Thanks km34. I was under the impression tht u r against polyamory itself. But by this msg i understand that is not so and u have issres only with the method we r adopting. Regarding any body finding out about us, I dont know how anybody can find out unless one of us we speak out. To my knowledge, a marriage in a temple is not legally recognised and authorities will not take any cogniscance of it on their own and will act only on a complaint by one of the affected party
Quote:
my main concern, honestly, is the lying to the priest thing. I think laws preventing multiple spouses are ridiculous since most religions at the most basic level allow it. As long as it's consensual I don't see how any government should dictate who can marry who. But lying to a priest? How do you feel that isn't wrong? You are getting him to perform a ceremony that he may be fundamentally against. Because while you see the examples in history and think that your group marriage is okay (and for the record, I do agree with you there), he may not. He may think the law trumps. He may think that times have changed and those examples don't apply to modern days. How is it okay to not be up front with that MAJOR part of the plan?

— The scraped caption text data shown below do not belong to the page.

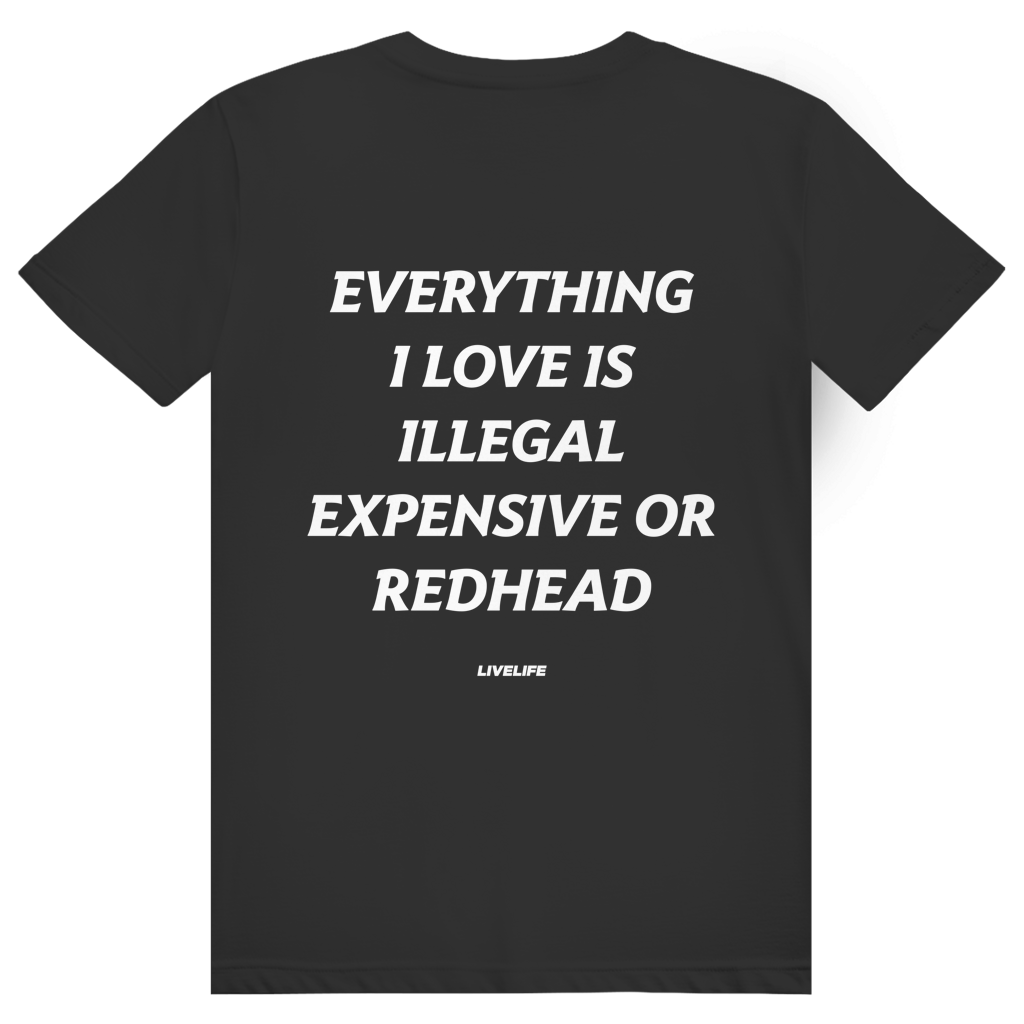 Everything I Love Is Illegal Expensive Or Redhead - Freches Dating Meme Statement - Premium Bio Unisex (Rückendruck) T-Shirt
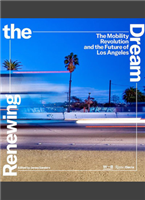 Renewing the Dream: The Mobility Revolution and the Future of Los Angeles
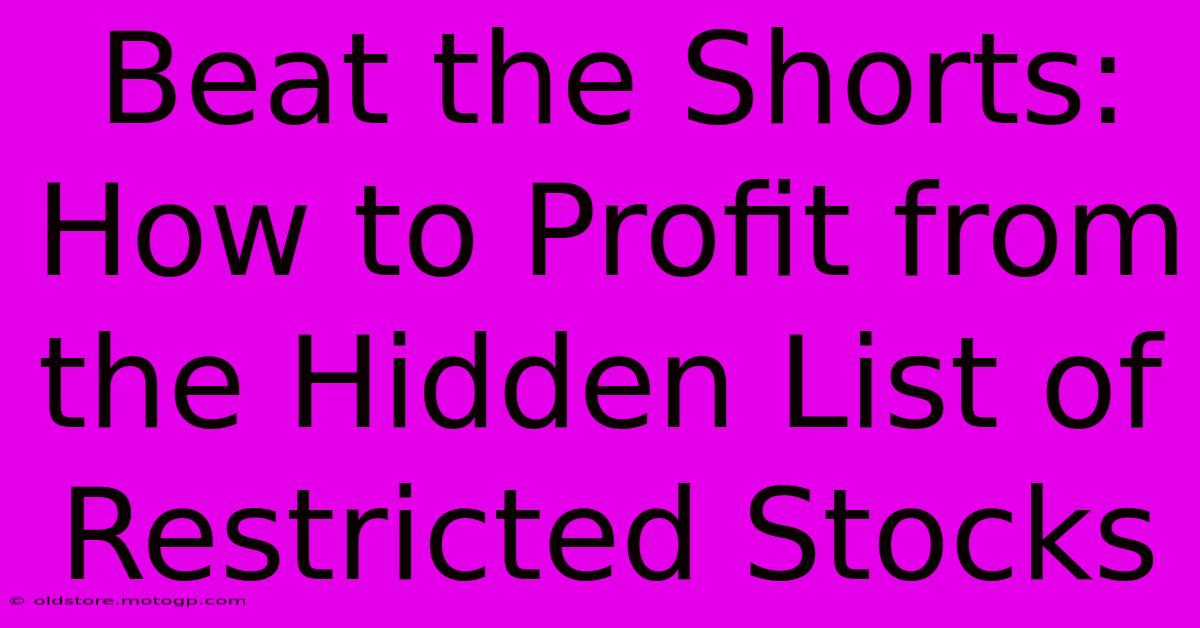 Beat The Shorts: How To Profit From The Hidden List Of Restricted Stocks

I promise I'm not trying to judge you, but isn't truth one of the main disciplines of Hindu? (I'm pulling from my Intro to Religions course my freshman year here so I apologize for any ignorance I have or misusing terms)
We have to do this, the chances of priest performing the marriage, if i he is told the truth is almost nil. I agree truth is a discipline of not just the Hindu religion, but also of all the religions.
We take solace from an instance from Mahabharatha, wherein Lord Krishna(9th incarnation lord Vishnu) trying to convince Dharmaraya to make an "untrue" announcement during the Kurukshetra war, by telling him that if that lie helps the cause which u think is just(we know that dharmaraya refuses and was asked to rephrase an announcement and the Lord make the last part inaudible by blowing his conch, which serves the purpose)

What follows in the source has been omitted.